I am reading an excel file, extracting a specific df and putting it in word document. The issues I face are:

DF loses its shape once added to para. becomes totally useless.

Complete code is written below.

#importing required libraries
import pandas as pd
import numpy as np
eod = pd.read_excel('df.xlsx')
import datetime
import docx 
from datetime import date
legal = docx.Document('legal.docx')

#Calculating No. days from SCN
eod['SCN Days'] = (pd.Timestamp('now').floor('d') - eod['SCN Date']).dt.days

#Generation list of EFE for Final Showcause Notice to be issued today
FSCN_today = eod.where(eod['SCN Days']>20)
#Dropping Null from generated list
FSCN_today = FSCN_today.dropna(how ="all")
FSCN_today = FSCN_today[['Exporter Name','EFE','DESTINATION','VALUE']]

#Getting Unique Values in the list generated
s_values = FSCN_today['Exporter Name'].unique()

#Iterating through List
for c in s_values:
    df1 = FSCN_today[FSCN_today['Exporter Name'] == c]
    legal.paragraphs[7].text = c
    legal.paragraphs[8].text = df1.iloc[10:1]
    legal.paragraphs[15].text = str(df1)
    notice_name = str(c)+ ".docx"
    legal.save(notice_name)

#Update Date & Status of FSCN Issued today
eod['FSCN Date'] = np.where((eod['Status']=="SCN ISSUED") & (eod['SCN Days']>20),date.today(),eod['FSCN Date'])
eod['Status'] = np.where((eod['Status']=="SCN ISSUED") & (eod['SCN Days']>20),"FSCN ISSUED",eod['Status'])

#In progress
name = "EOD "+ str(date.today())+ ".xlsx"
#eod.to_excel(name,index =False)

Following line have error.

legal.paragraphs[15].text = str(df1)

Is it possible to share the sample files you are using in the code. You can replace it with dummy data. The primary reason is to understand the types. Also check if there is a possibility that you do not have 15 paragraphs. — SaaSy Monster, Sep 23 '20 at 08:01
Share the error as well along with the dummy data, the question needs to be more descriptive — Ajinkya, Sep 23 '20 at 13:47
You can check the dummy data at https://github.com/iqbalhusnain/Export-Overdue — Husnain Iqbal, Sep 23 '20 at 14:08
I don't get an error with the code from your GitHub repository. The df-table is in the documents (it doesn't look good, but it's there)? Your code here works too, except for the `paragraphs[8]`-statement that S Mayer pointed out? — Timus, Sep 27 '20 at 13:41

score 0 · Answer 1 · answered Sep 26 '20 at 20:02

0

I noticed that legal.paragraphs[8].text = df1.iloc[10:1] looked odd.

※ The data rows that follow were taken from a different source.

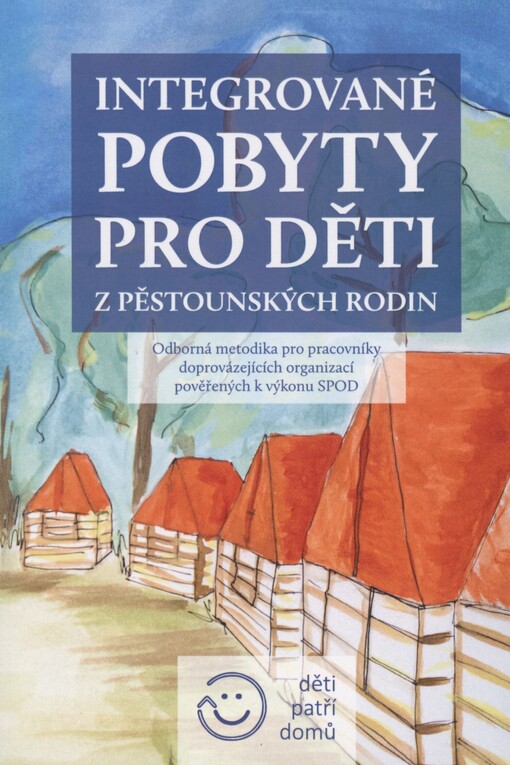 Integrované pobyty pro děti z pěstounských rodin: práce s dětmi s raným traumatem na integrovaných pobytech : odborná metodika pro pracovníky doprovázejících organizací pověřených k výkonu SPOD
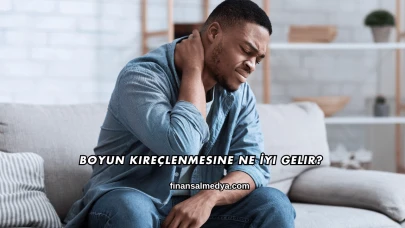 Boyun Kireçlenmesine Ne İyi Gelir?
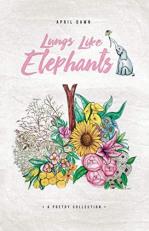 Lungs Like Elephants : A Poetry Collection 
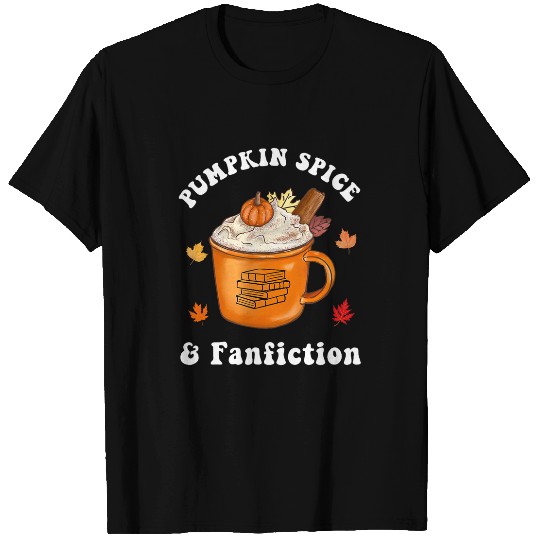 Pumpkin Spice and Fanfiction Reading Writer Autumn Halloween T-Shirts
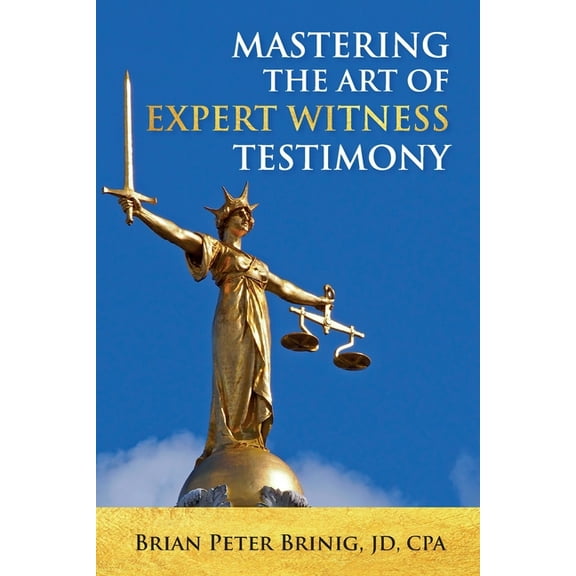 Mastering the Art of Expert Witness Testimony, (Paperback)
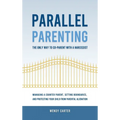 Parallel Parenting - The Only Way to Co-parent with a Narcissist: Managing a Counter Parent, Setting Boundaries, and Protecting Your Child From Parent - Hardcover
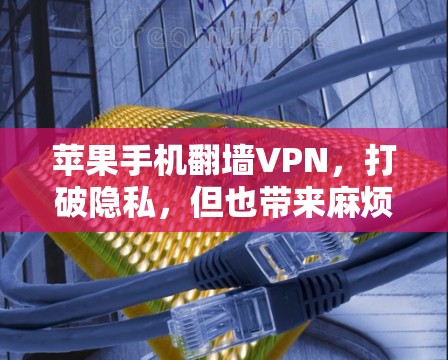 苹果手机<strong>翻墙</strong>VPN，打破隐私，但也带来麻烦？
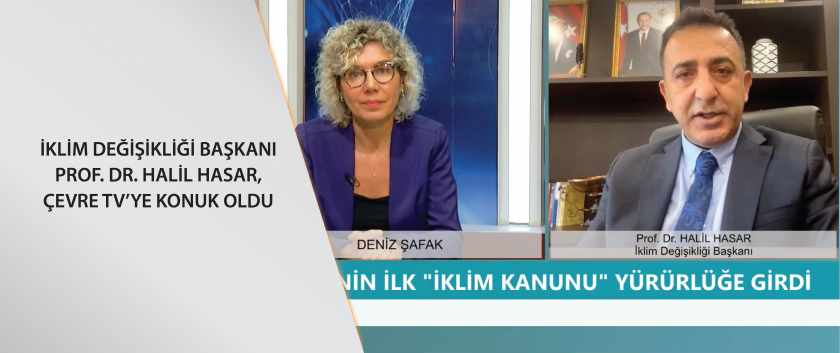 İklim Değişikliği Başkanı Hasar, Çevre TV’ye konuk oldu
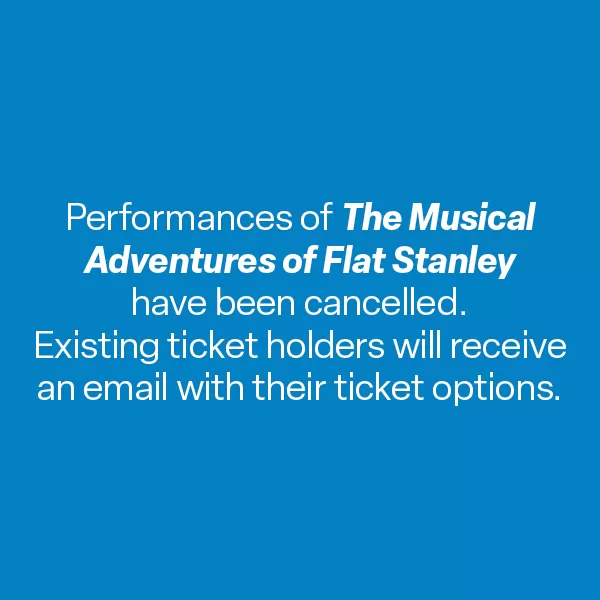 The Musical Adventures of Flat Stanley®—Student Matinee Performance The Musical Adventures of Flat Stanley®—Student Matinee Performance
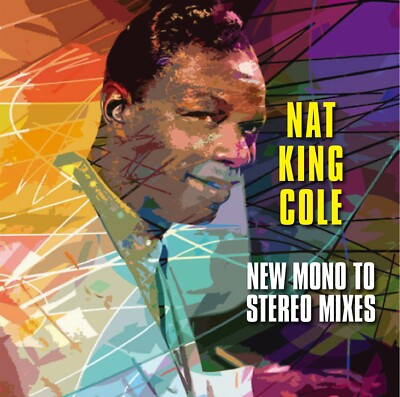 NAT KING COLE NEW MONO TO STEREO MIXES (2024)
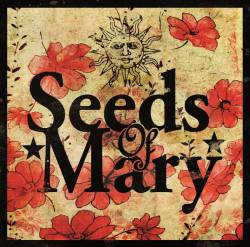 Seeds Of Mary : Seeds of Mary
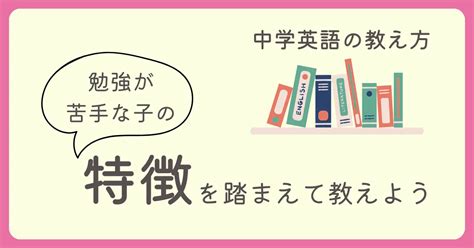 中学英語の教え方。勉強が苦手な子の特徴を踏まえて教えよう 中学英語の教え方あれこれ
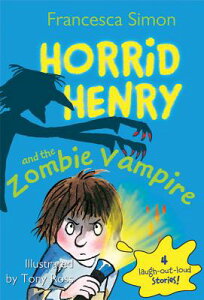 Horrid Henry and the Zombie Vampire HORRID HENRY & THE ZOMBIE VAMP iHorrid Henryj [ Francesca Simon ]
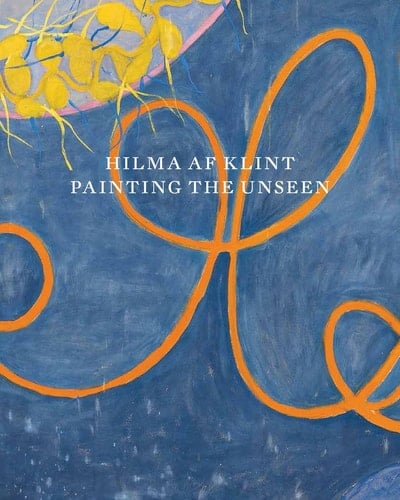 Hilma Af Klint Painting the Unseen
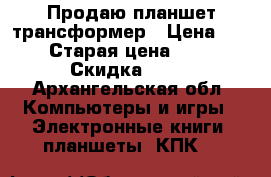 Продаю планшет трансформер › Цена ­ 5 000 › Старая цена ­ 18 500 › Скидка ­ 50 - Архангельская обл. Компьютеры и игры » Электронные книги, планшеты, КПК   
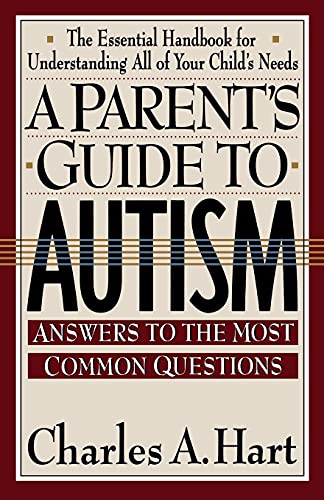 A Parent'S Guide To Autism: A Parents Guide To Autism (9780671750992) by Hart, Charles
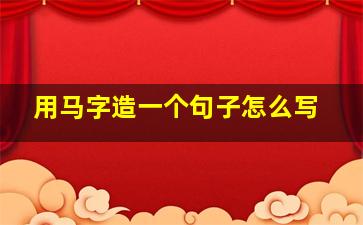 用马字造一个句子怎么写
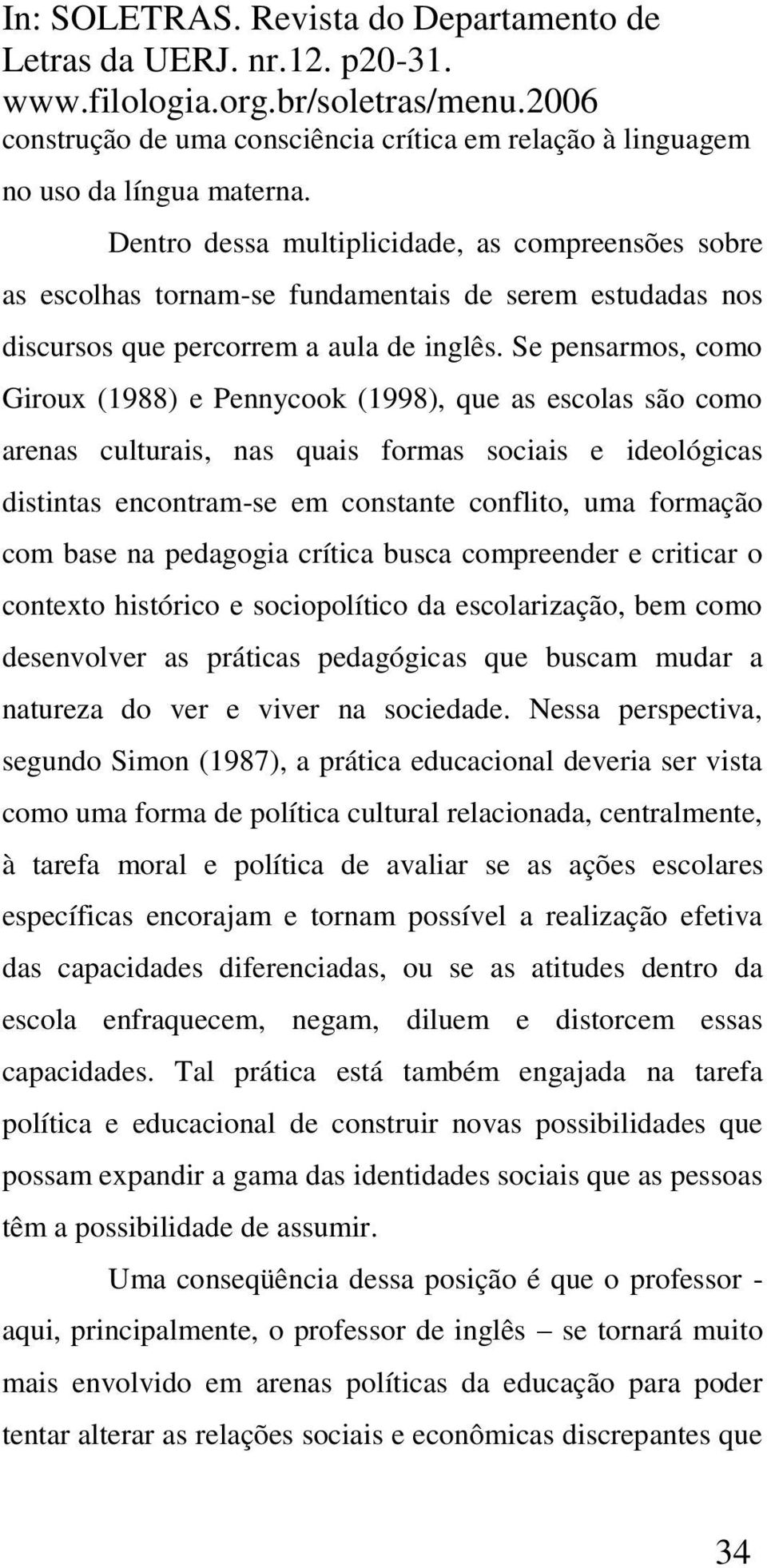 Se pensarmos, como Giroux (1988) e Pennycook (1998), que as escolas são como arenas culturais, nas quais formas sociais e ideológicas distintas encontram-se em constante conflito, uma formação com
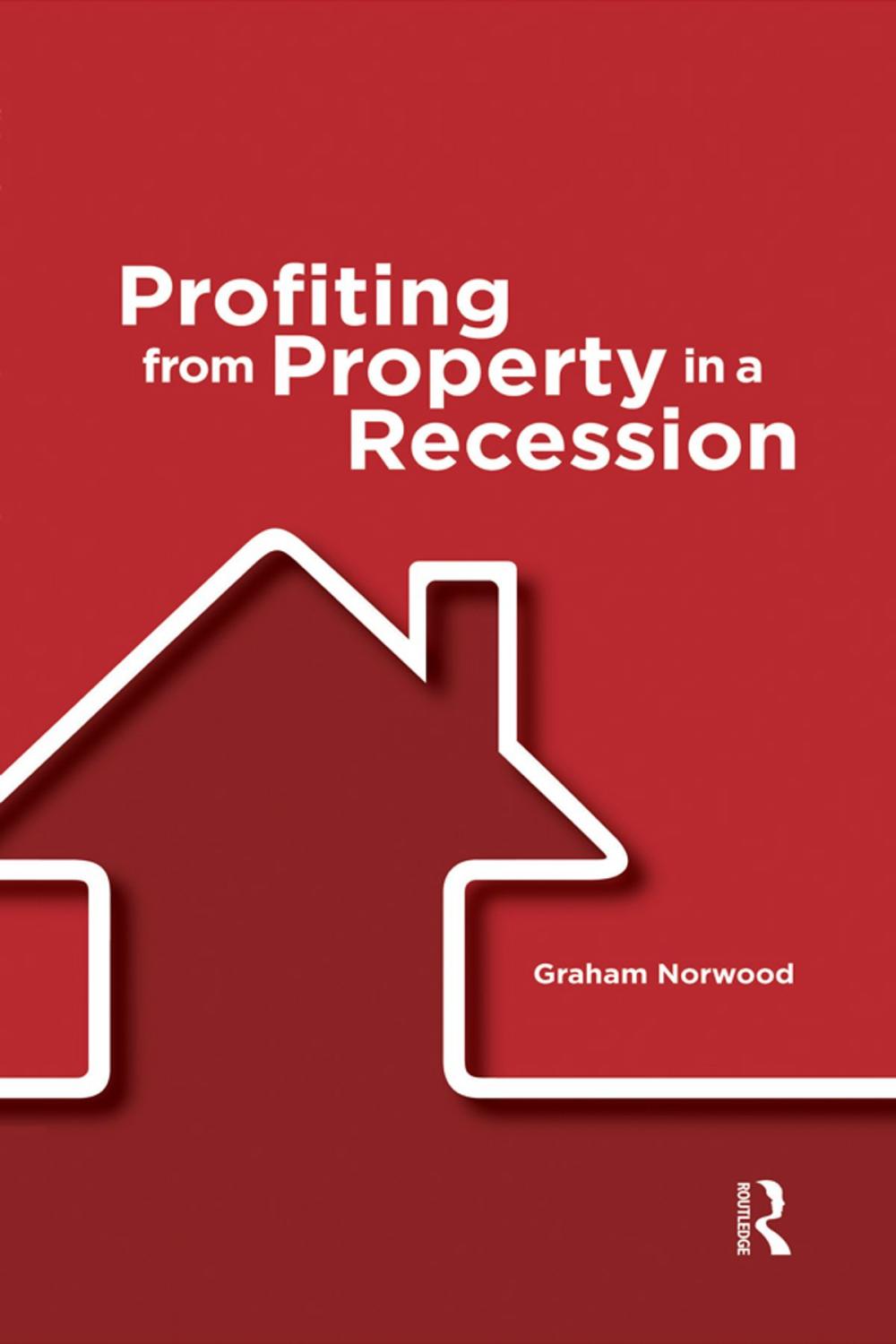 Big bigCover of Profiting from Property in a Recession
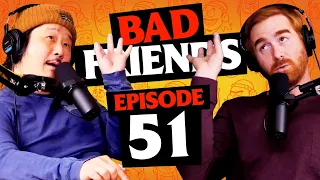 High Brow Friends | Ep 51 | Bad Friends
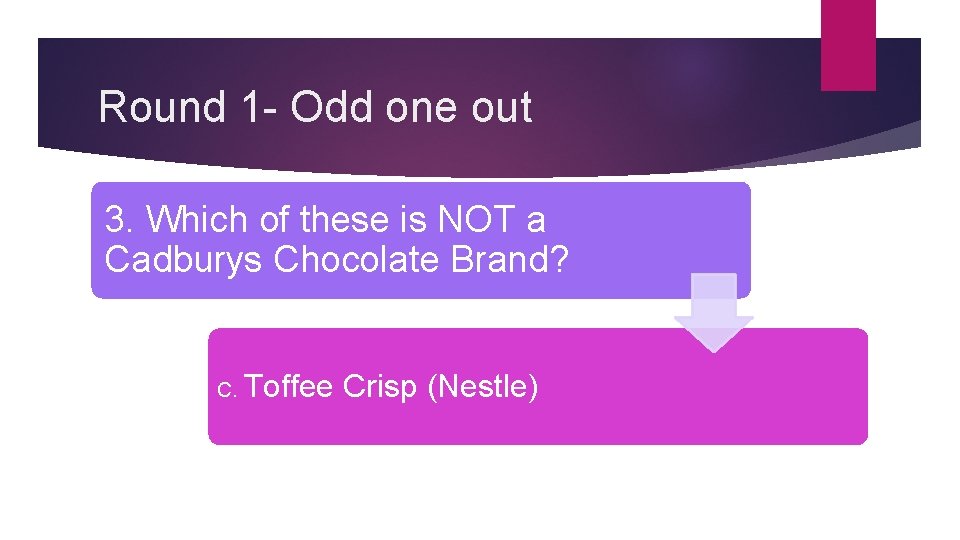Round 1 - Odd one out 3. Which of these is NOT a Cadburys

If you change it to legal.paragraphs[8].text = df1[10:1].iloc the resulting .docx files look more reasonable to me.

I do not know what your desired output is, so that's my best guess with what I'm presented.

answered Sep 26 '20 at 20:02

S Mayer

82
6

Paragraph 8 is already good. The issue is with para 15. I want to display the df as a table there. I don't know how to do it. – Husnain Iqbal Sep 27 '20 at 09:10

score 0 · Answer 2 · answered Sep 27 '20 at 15:57

I've never worked with python-docx so I'm pretty sure my attempt is suboptimal. The following did work with the sample data.

Essentially, I've added a table to the document and inserted the column labels and content of the DataFrame into the table. There are some nasty parts that I couldn't solve otherwise (the parts where I access the _-attributes of paragraph and table).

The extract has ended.